'''

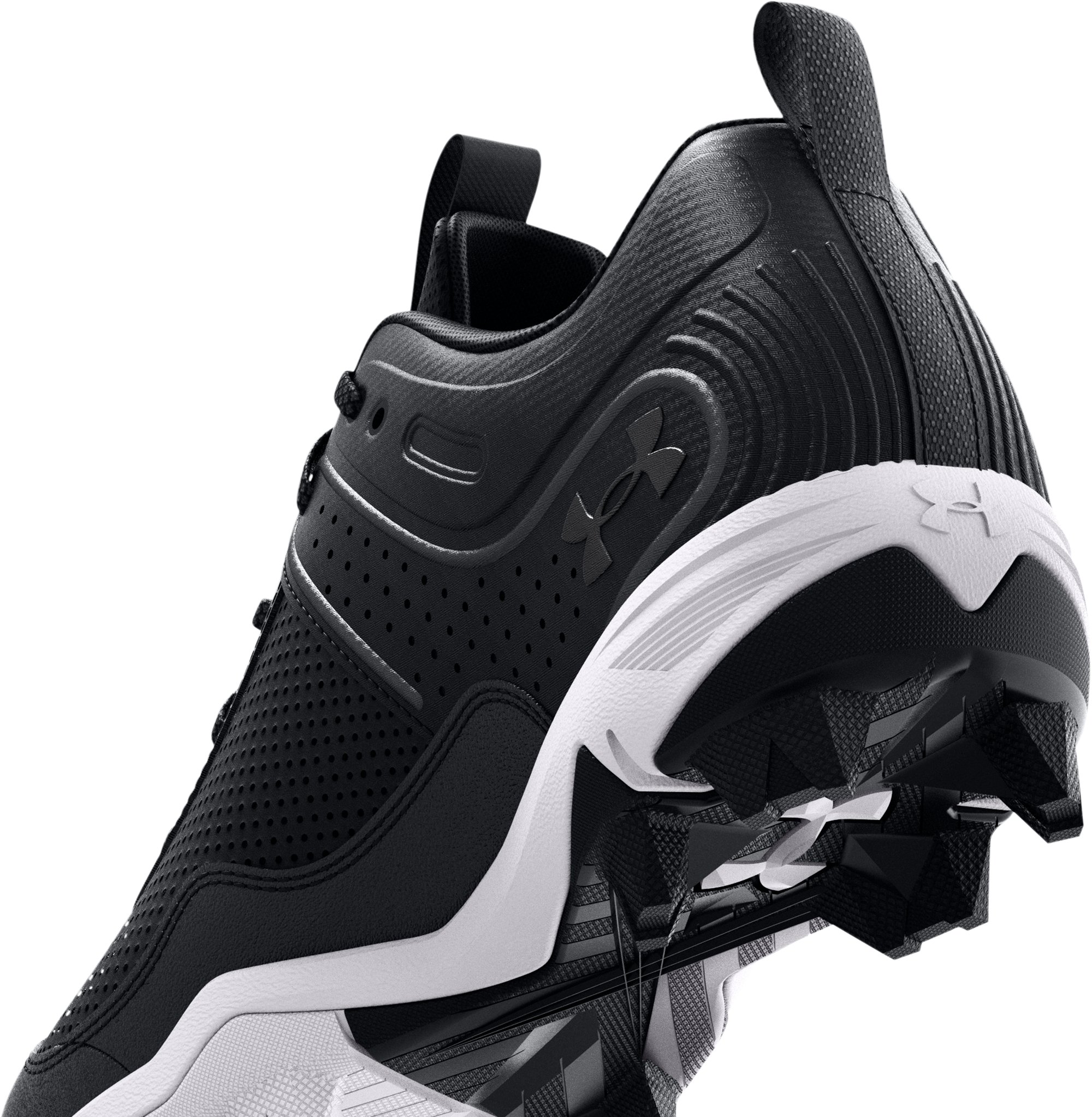 Girls' UA Glyde RM Jr. Softball Cleats 3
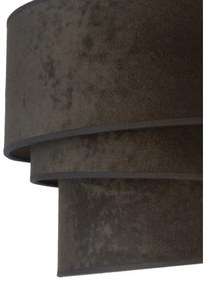 Duolla - Mennyezeti lámpa DEVON 1xE27/40W/230V átm. 45 cm fekete/arany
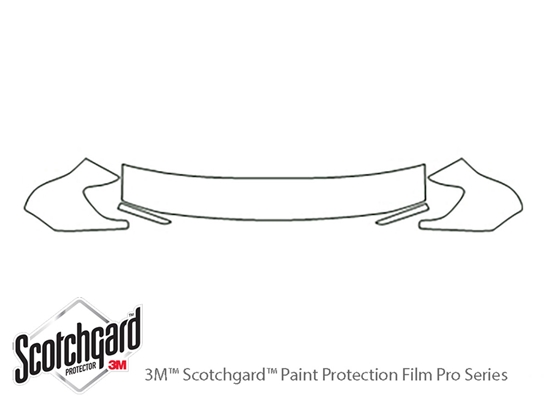 Toyota Tacoma 2001-2004 3M Clear Bra Hood Paint Protection Kit Diagram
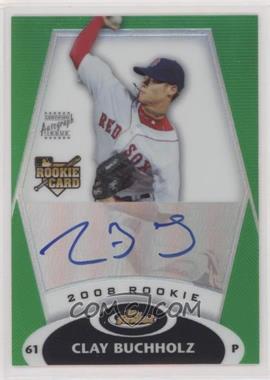 2008 Topps Finest - [Base] - Green Refractor #160 - Rookie Autograph - Clay Buchholz /199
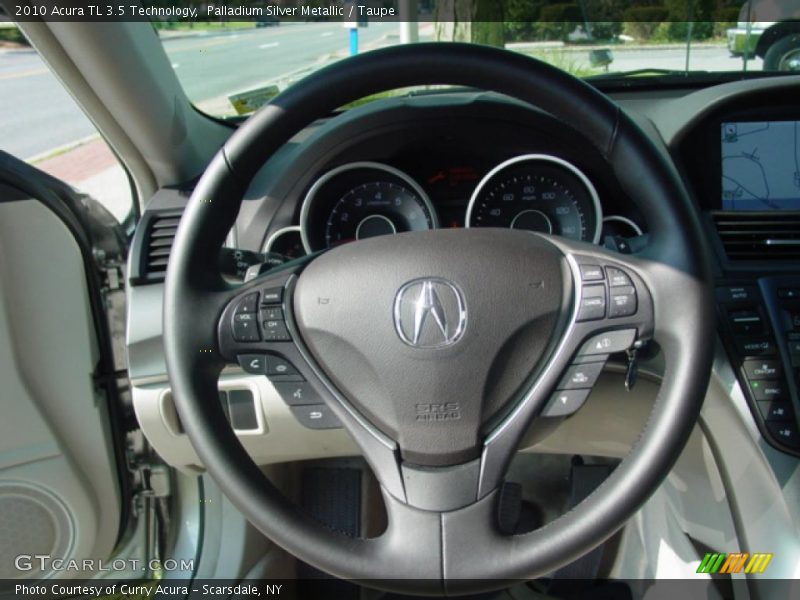 Palladium Silver Metallic / Taupe 2010 Acura TL 3.5 Technology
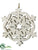 Snowflake Ornament - Whitewashed - Pack of 6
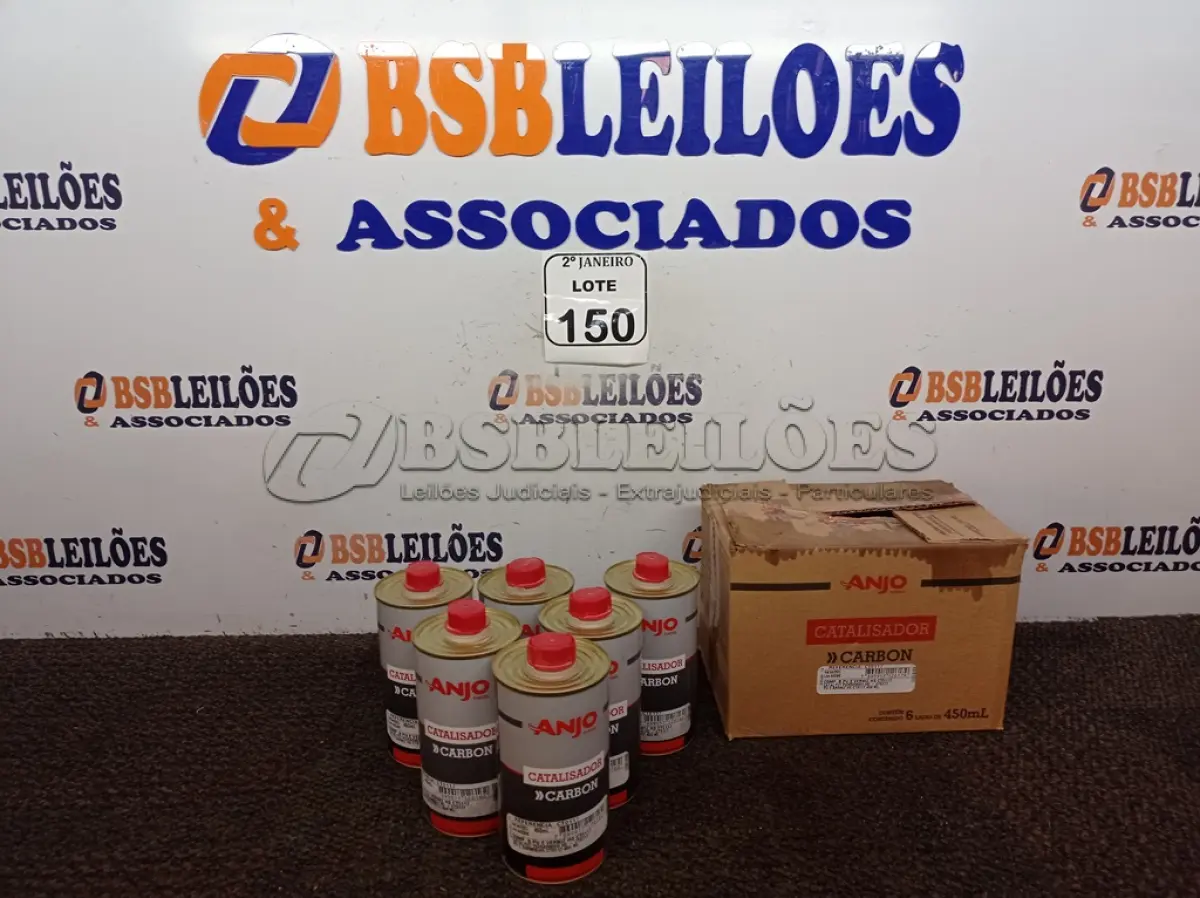 LOTE 150 - 12 CATALISADORES PU E VENIZ MARCA ANJO CONTENDO 450ML EM CADA LATA(NOVO). (NO ESTADO) ATENÇÃO! FAZER A VISITAÇÃO ANTES DE ARREMATAR, NÃO SABEMOS SE FUNCIONA. LEILÃO NÃO TEM GARANTIA E NEM DEVOLUÇÃO, SUJEITO A POSSÍVEIS AVARIAS VISÍVEIS/OCULTAS E/OU AUSÊNCIA DE COMPONENTES.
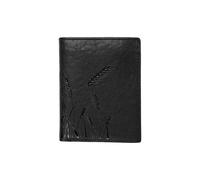 PORRASSO RFID Blocking Wallet Men's Vintage Cowhide Wallet Large Capacity Bifold Wallet with Multi Card Slots Coin Purse Change Pouch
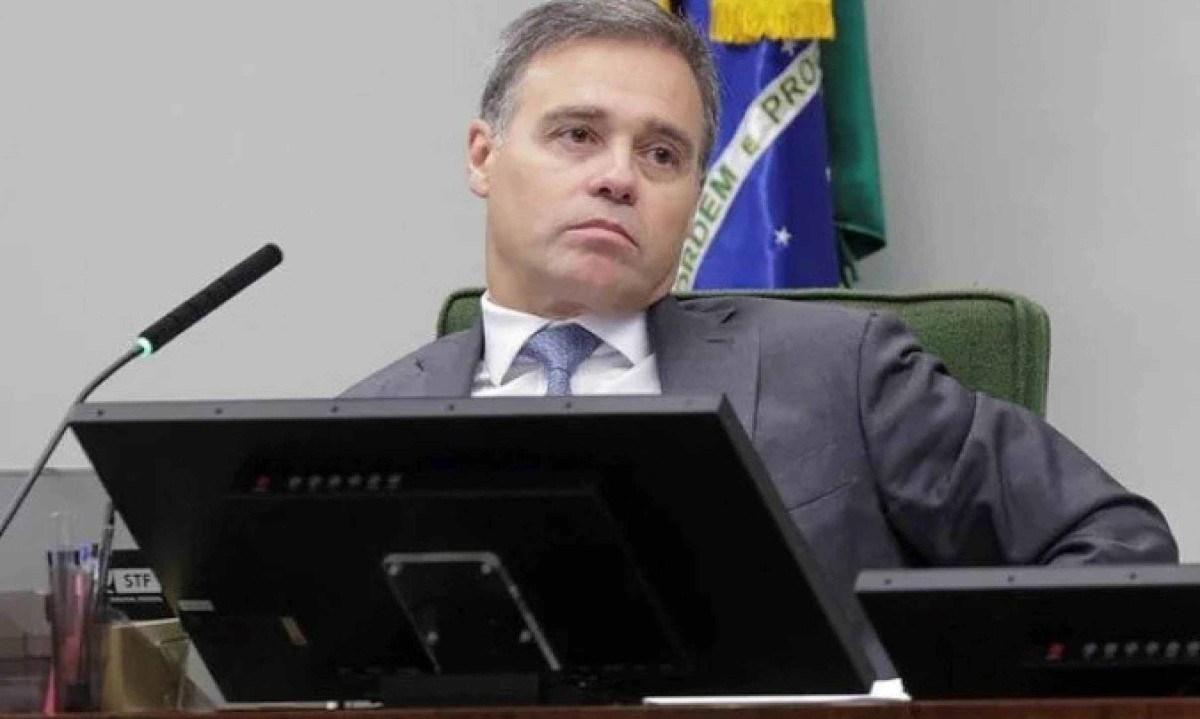 No registro, Mendonça agradece as orações e as mensagens de carinho, a publicação foi feita nesta sexta - (crédito: Rosinei Coutinho/STF)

'''

■ **Problem requirements**
The records above must be repeated in full and exactly, but without any of the pictures.

■ **Written solution**
 Girls' UA Glyde RM Jr. Softball Cleats 3
 Duolla - Mennyezeti lámpa DEVON 1xE27/40W/230V átm. 45 cm fekete/arany
 Toyota Tacoma 2001-2004 3M Clear Bra Hood Paint Protection Kit Diagram
 2008 Topps Finest - [Base] - Green Refractor #160 - Rookie Autograph - Clay Buchholz /199
 Palladium Silver Metallic / Taupe 2010 Acura TL 3.5 Technology
 Snowflake Ornament - Whitewashed - Pack of 6
 LOTE 150 - 12 CATALISADORES PU E VENIZ MARCA ANJO CONTENDO 450ML EM CADA LATA(NOVO). (NO ESTADO) ATENÇÃO! FAZER A VISITAÇÃO ANTES DE ARREMATAR, NÃO SABEMOS SE FUNCIONA. LEILÃO NÃO TEM GARANTIA E NEM DEVOLUÇÃO, SUJEITO A POSSÍVEIS AVARIAS VISÍVEIS/OCULTAS E/OU AUSÊNCIA DE COMPONENTES.
 PORRASSO RFID Blocking Wallet Men's Vintage Cowhide Wallet Large Capacity Bifold Wallet with Multi Card Slots Coin Purse Change Pouch
 No registro, Mendonça agradece as orações e as mensagens de carinho, a publicação foi feita nesta sexta - (crédito: Rosinei Coutinho/STF)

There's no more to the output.